▶ _TASK TO COMPLETE_
Repeat the span of the entries below that starts at the line with "Initiaal D uit" and ends at the line with "Rust/Blue Stripe Tie - Image 2 of 3", nothing more. Skip the pictures.

▶ _DATA SUPPLIED_
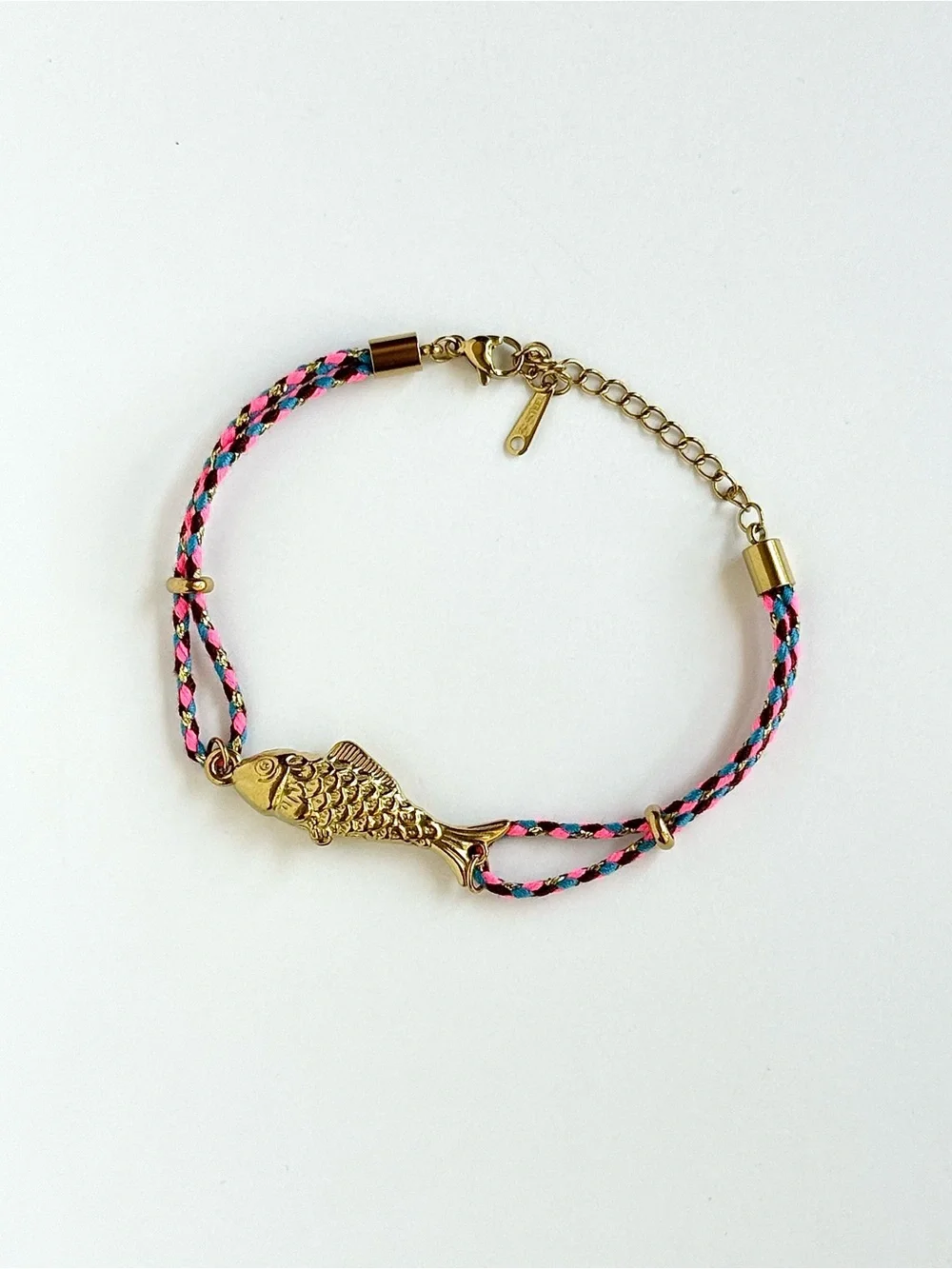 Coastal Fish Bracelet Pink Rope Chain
* * *
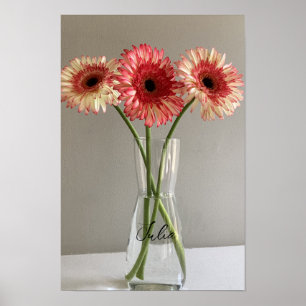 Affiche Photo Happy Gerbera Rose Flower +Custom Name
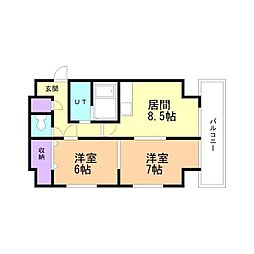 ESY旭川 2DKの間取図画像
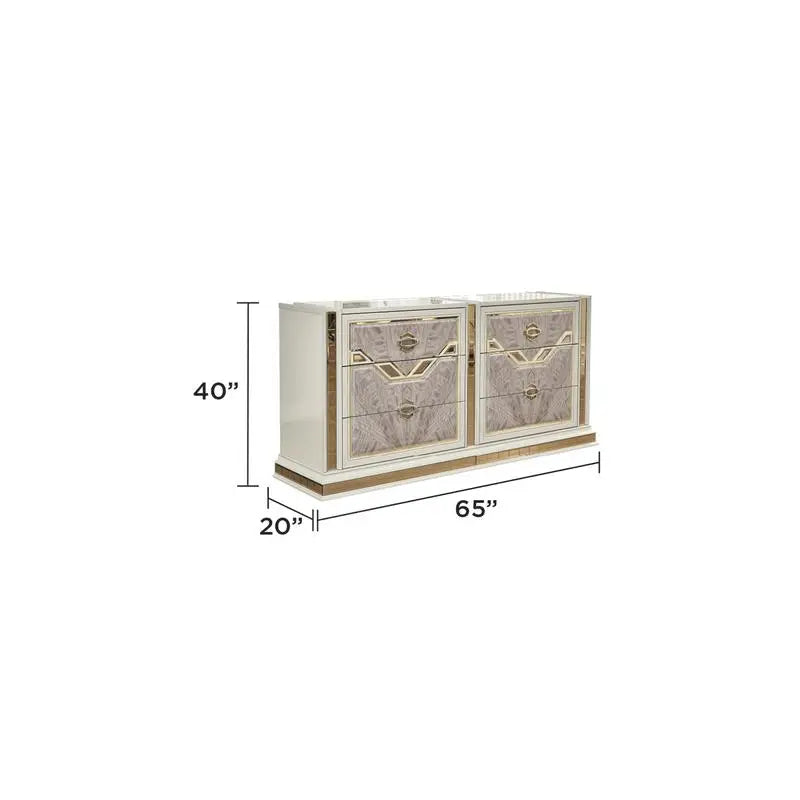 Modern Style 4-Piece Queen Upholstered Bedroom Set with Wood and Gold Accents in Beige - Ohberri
---
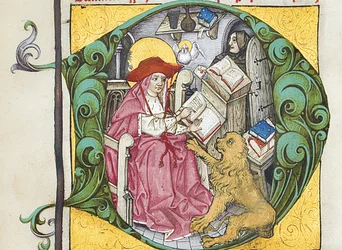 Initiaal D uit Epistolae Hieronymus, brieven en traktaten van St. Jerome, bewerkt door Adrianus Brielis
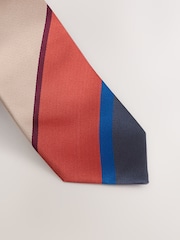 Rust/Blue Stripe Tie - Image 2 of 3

▶ _THE ANSWER_
 Initiaal D uit Epistolae Hieronymus, brieven en traktaten van St. Jerome, bewerkt door Adrianus Brielis
 Rust/Blue Stripe Tie - Image 2 of 3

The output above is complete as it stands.